To help businesses develop generative AI applications securely within their private data centers, VCF Private AI Services is built directly into VMware Cloud Foundation (VCF). This embedded suite of services abstracts away the complexity of AI infrastructure, providing an end-to-end platform that includes a Model Gallery, Model Runtime, Agent Builder, and Data Indexing capabilities for Retrieval-Augmented Generation (RAG), API Gateway, and MCP Tools Registry.
The architectural foundation that powers this platform is the vSphere Supervisor. When configuring the Supervisor for your AI workloads, VCF 9 offers the flexibility of two distinct networking architectures: a VMware NSX-backed model and a vSphere Distributed Switch (VDS)-backed model.
Both approaches provide a robust foundation for VCF Private AI Services, allowing organizations to align their infrastructure with their specific operational readiness. Whether your objective is to launch a streamlined, rapid proof-of-concept or to establish a fully automated, multi-tenant AI cloud for your developers, your networking choice will shape the consumption and scalability of your environment. Let’s explore how the Supervisor enables VCF Private AI Services and the architectural considerations of deploying with and without NSX.
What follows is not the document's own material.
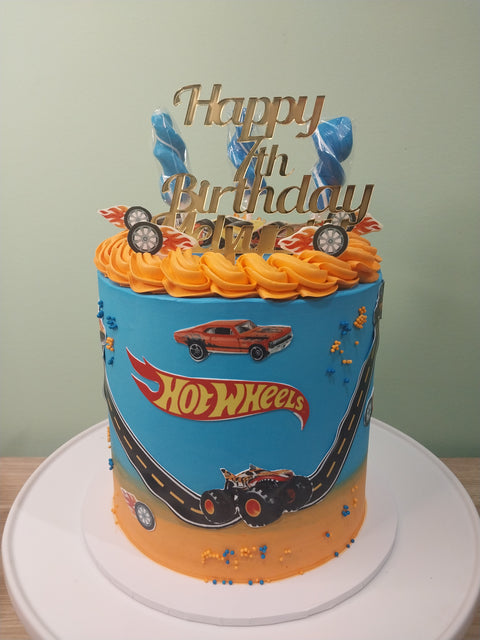 Tall Kids Theme Cake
At a technical level, VCF Private AI Services utilizes the vSphere Supervisor to transform your ESXi hypervisors into a native Kubernetes control plane. Activating the Supervisor provides the essential API and resource management layer required to seamlessly install and run your VCF Private AI Services.
(Note: When sizing your Supervisor control plane VMs for Small, Medium, or Large, plan your capacity carefully, as you can only scale the control plane up, never down).

As shown in the architecture diagram above, VCF Private AI Services operates through a declarative Kubernetes model utilizing two key components:
When the kubernetes operator for the VCF Private AI Services Operator detects a new configuration for VCF Private AI Services, it automatically springs into action to provision the requested architecture within that namespace. It deploys the foundational management pods, such as the VCF Private AI Services API Pod, the UI Backend Pod, and data indexing workers.
For the actual AI inference (shown on the left of the diagram), the operator orchestrates the deployment of underlying vSphere Kubernetes Service (VKS) cluster. The model endpoints run as pods within these VKS Worker VMs, securely attaching to the physical GPUs available on the ESXi hosts below.
(Note the dashed box around the External Postgres DB: This illustrates that while VCF Private AI Services connects to the vector database for RAG workloads, the database itself is provisioned externally as a prerequisite, rather than being spun up by the operator for the VCF Private AI Services).
When enabling the Supervisor in VCF 9, administrators must choose a networking stack to provide connectivity to the control plane and your AI model endpoints.

There are two primary deployment models:
1. Supervisor Networking with NSX: This is the most feature-rich topology. It utilizes software-defined overlay networking, where the platform automatically handles the creation of segments, Virtual Private Clouds (VPCs), distributed firewalling, and load balancing via NSX Edge clusters.
2. Supervisor Networking with VDS (Without NSX): For environments not utilizing NSX overlays, the Supervisor can be backed by your existing vSphere Distributed Switch (VDS). Because the Supervisor still requires ingress and egress routing for the Kubernetes API and workload traffic, VCF 9 pairs the VDS with an external load balancer. Administrators have two choices here:
One of the most critical architectural considerations when choosing between NSX and VDS-based networking is how your users will consume the infrastructure.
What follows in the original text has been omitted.